## [Recorded information]
BEGIN

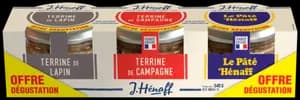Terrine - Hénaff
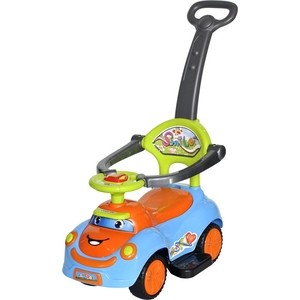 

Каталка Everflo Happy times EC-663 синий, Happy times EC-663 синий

END
BEGIN

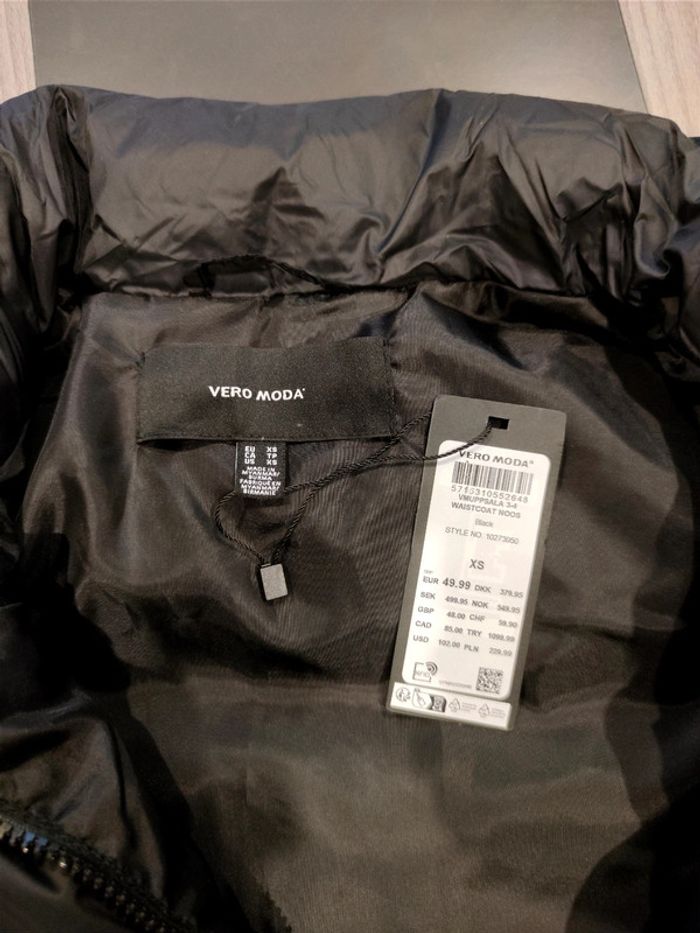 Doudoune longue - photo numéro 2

END

## [To do]
Everything above from the line containing "Terrine - Hénaff" down to the line containing "Каталка Everflo Happy" is to be duplicated exactly, both lines included, and the pictures are to be omitted.

## [Response]
Terrine - Hénaff

Каталка Everflo Happy times EC-663 синий, Happy times EC-663 синий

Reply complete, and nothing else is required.